## DATA
::::::::::

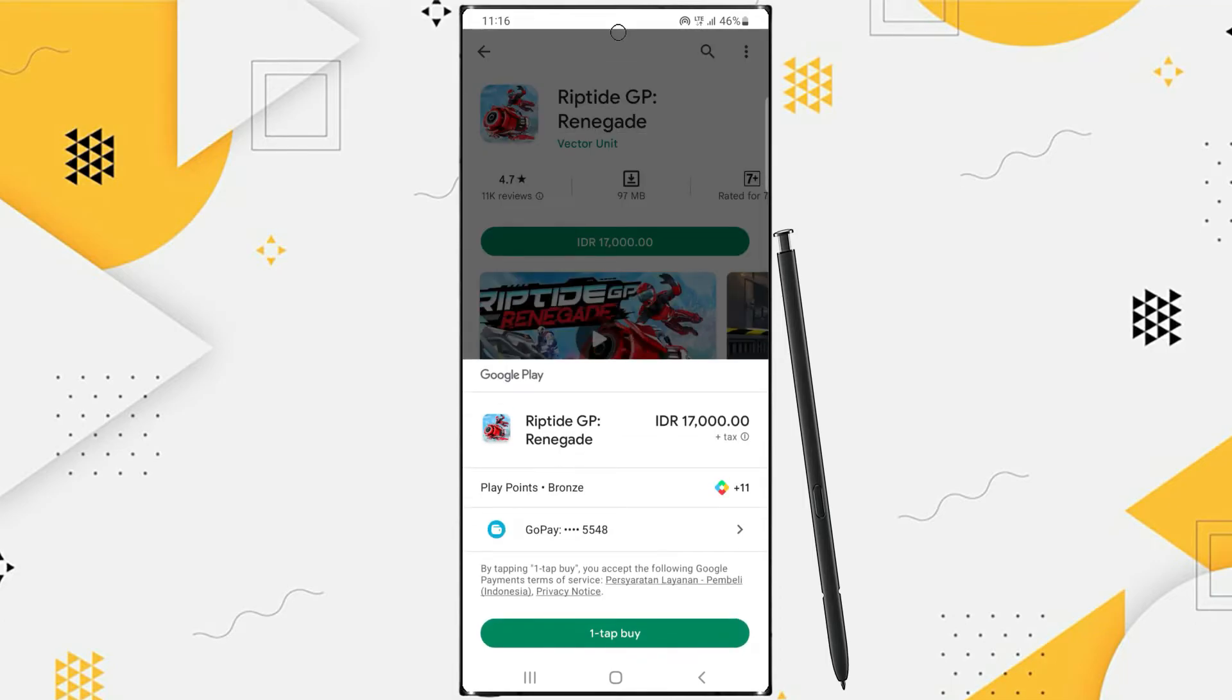The next step, tap continue. Then you will be asked to enter the Play Store account password. If the password is correct, the purchase will be successful.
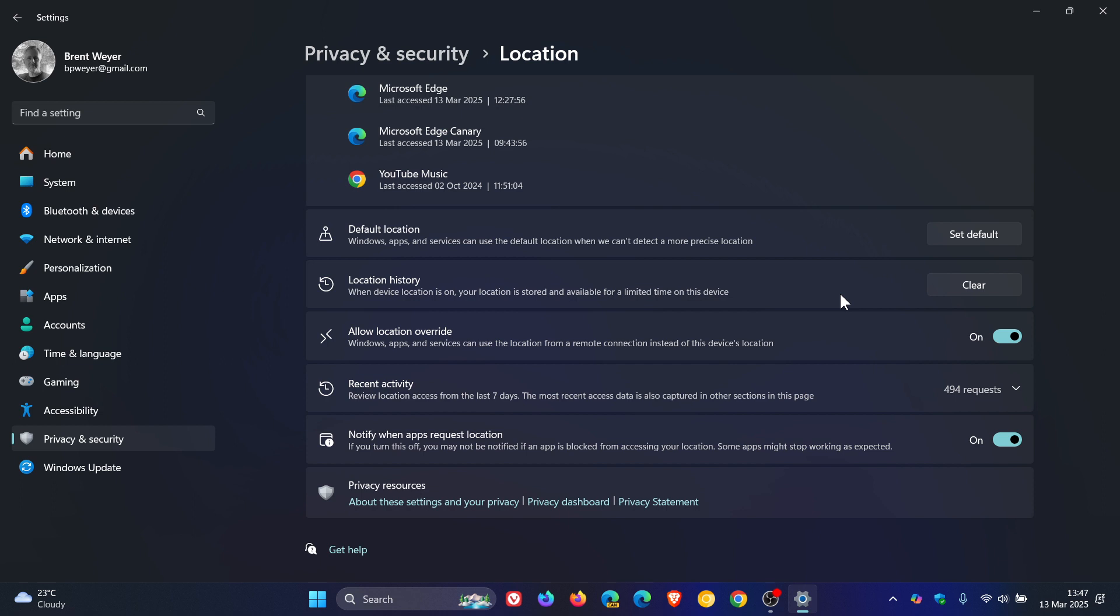Now, what Microsoft says is that with its removal, location data will no longer be saved locally. The corresponding setting has been removed in this latest Canary Channel build from the settings, Privacy and Security, Location page. So this is the setting we are talking about.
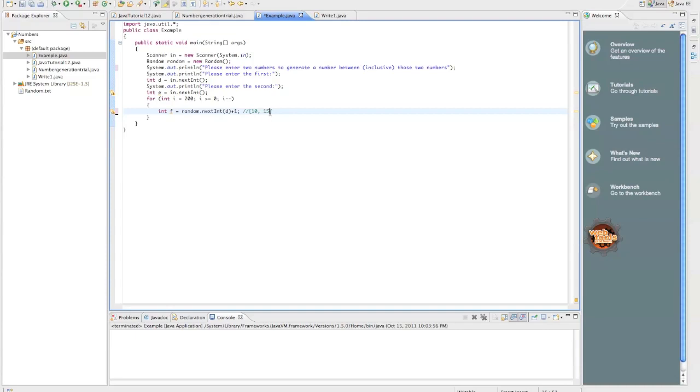Fifteen minus ten equals five. How do you get six? You add one to it. Same works for sixteen. Sixteen minus ten equals six. Ten, eleven, twelve, thirteen, fourteen, fifteen, sixteen. That's seven. What? Add one to it, you get seven. Okay?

::::::::::

## PROBLEM TO WORK ON
Omit every picture, then repeat the remaining data exactly as it appears above.

## OUTPUT BELOW
The next step, tap continue. Then you will be asked to enter the Play Store account password. If the password is correct, the purchase will be successful.
Now, what Microsoft says is that with its removal, location data will no longer be saved locally. The corresponding setting has been removed in this latest Canary Channel build from the settings, Privacy and Security, Location page. So this is the setting we are talking about.
Fifteen minus ten equals five. How do you get six? You add one to it. Same works for sixteen. Sixteen minus ten equals six. Ten, eleven, twelve, thirteen, fourteen, fifteen, sixteen. That's seven. What? Add one to it, you get seven. Okay?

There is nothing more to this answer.